# Exercise directions
Using the data that follows, report how many lines include "Chapter"; output no other text.

-=-=-=-=-

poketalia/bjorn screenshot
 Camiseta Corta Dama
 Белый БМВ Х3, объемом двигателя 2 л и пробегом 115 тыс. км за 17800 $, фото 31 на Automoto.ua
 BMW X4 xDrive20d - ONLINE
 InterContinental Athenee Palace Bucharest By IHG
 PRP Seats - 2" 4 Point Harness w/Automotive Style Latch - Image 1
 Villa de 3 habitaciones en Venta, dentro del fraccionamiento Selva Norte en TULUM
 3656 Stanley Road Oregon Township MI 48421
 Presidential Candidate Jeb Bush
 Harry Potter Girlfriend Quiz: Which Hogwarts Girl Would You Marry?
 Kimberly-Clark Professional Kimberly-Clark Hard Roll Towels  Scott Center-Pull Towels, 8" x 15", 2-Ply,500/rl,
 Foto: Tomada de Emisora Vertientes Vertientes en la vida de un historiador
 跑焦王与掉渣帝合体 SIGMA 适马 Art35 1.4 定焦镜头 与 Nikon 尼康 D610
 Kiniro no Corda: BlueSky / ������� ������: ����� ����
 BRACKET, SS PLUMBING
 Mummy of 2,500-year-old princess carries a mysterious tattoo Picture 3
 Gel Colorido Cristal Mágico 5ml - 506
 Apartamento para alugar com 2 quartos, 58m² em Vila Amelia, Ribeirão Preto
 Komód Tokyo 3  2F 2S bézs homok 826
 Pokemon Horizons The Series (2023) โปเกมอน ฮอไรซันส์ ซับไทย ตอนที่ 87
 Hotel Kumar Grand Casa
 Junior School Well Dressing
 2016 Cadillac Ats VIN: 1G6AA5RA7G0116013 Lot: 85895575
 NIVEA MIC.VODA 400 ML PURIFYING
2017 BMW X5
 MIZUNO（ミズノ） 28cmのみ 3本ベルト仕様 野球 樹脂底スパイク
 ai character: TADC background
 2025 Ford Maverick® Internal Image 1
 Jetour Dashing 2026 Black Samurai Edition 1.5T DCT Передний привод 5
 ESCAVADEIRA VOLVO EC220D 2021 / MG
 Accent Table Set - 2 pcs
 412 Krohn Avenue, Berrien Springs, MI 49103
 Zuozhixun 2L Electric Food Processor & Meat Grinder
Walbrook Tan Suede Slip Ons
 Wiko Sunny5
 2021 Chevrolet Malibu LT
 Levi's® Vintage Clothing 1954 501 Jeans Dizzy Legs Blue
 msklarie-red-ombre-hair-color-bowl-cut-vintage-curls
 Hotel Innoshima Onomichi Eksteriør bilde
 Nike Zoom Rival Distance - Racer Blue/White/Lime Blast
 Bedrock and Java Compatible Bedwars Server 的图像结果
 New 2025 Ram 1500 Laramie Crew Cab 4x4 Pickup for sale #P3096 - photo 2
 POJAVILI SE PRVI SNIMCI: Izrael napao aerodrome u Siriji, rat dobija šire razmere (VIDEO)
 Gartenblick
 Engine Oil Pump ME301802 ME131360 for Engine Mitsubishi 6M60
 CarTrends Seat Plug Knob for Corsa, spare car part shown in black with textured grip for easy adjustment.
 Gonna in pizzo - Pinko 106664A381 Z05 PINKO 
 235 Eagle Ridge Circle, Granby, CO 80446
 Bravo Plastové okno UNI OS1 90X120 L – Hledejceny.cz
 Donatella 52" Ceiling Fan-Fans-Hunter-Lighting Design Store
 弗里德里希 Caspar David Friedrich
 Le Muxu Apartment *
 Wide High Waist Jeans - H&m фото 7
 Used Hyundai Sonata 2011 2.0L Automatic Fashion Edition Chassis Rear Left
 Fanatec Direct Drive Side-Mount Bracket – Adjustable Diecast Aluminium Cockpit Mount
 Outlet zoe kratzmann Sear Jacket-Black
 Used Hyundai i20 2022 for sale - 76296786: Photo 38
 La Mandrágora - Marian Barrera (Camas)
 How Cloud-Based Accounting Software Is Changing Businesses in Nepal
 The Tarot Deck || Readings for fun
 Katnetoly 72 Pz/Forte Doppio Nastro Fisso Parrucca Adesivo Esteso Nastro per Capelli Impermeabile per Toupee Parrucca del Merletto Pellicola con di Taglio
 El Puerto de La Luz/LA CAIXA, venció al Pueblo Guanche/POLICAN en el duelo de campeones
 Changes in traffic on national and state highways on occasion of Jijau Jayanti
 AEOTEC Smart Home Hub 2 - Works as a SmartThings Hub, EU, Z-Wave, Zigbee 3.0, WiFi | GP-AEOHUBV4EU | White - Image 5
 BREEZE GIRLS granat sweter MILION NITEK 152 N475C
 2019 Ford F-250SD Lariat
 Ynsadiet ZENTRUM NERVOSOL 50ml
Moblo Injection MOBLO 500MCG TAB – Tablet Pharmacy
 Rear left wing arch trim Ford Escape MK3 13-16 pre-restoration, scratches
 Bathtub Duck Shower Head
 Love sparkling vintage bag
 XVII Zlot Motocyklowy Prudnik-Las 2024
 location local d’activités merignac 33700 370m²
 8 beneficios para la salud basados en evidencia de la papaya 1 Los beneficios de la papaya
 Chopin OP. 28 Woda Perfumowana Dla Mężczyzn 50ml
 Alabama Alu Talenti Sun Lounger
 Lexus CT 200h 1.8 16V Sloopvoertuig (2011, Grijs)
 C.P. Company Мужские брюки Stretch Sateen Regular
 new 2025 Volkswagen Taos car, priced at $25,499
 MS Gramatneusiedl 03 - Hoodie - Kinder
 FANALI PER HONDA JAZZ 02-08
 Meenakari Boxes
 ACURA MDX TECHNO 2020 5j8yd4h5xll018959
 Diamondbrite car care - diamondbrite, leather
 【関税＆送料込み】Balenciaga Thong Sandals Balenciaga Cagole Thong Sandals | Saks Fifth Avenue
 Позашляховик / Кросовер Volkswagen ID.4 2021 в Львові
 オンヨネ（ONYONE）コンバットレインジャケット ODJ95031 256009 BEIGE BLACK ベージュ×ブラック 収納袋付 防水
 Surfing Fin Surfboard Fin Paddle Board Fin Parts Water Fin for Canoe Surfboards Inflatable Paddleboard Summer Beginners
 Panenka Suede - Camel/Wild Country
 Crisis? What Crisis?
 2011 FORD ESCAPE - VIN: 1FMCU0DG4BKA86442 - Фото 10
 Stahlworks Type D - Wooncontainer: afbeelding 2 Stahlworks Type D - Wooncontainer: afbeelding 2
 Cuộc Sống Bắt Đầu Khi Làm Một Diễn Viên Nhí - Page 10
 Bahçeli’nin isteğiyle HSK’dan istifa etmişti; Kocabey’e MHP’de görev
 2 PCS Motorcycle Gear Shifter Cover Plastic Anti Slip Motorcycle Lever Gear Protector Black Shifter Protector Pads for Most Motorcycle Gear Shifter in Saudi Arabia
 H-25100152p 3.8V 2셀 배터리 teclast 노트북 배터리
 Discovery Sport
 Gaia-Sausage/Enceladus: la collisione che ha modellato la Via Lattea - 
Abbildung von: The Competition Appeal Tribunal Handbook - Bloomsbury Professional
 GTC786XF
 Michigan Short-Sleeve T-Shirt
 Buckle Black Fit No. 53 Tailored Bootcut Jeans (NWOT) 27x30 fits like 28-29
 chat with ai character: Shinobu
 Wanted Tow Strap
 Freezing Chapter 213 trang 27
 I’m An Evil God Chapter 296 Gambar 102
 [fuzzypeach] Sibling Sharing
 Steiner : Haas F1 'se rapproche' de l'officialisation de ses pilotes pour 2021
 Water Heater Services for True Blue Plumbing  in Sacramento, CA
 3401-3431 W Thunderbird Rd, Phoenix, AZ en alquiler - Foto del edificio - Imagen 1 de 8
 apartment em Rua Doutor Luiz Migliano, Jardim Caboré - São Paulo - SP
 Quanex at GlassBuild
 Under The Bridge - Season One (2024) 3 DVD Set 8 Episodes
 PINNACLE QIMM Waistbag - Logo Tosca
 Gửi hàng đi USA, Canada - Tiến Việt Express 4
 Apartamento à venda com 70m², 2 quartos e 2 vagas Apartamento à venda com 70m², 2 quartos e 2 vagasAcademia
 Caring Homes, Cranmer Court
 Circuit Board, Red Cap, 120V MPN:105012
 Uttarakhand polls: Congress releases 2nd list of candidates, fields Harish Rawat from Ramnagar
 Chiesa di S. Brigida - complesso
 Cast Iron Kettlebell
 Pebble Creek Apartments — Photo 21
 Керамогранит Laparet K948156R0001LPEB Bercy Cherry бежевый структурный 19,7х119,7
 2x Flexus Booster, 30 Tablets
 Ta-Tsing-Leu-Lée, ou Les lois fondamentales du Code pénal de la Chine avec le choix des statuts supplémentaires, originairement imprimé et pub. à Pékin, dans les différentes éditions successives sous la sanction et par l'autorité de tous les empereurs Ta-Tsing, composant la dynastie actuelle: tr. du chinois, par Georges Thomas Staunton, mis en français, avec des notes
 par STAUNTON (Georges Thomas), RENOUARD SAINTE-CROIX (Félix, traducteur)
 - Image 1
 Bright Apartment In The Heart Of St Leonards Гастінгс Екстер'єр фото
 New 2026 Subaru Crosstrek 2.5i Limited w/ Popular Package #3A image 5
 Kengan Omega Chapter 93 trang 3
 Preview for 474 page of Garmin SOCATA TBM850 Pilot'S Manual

-=-=-=-=-

# Task solution
3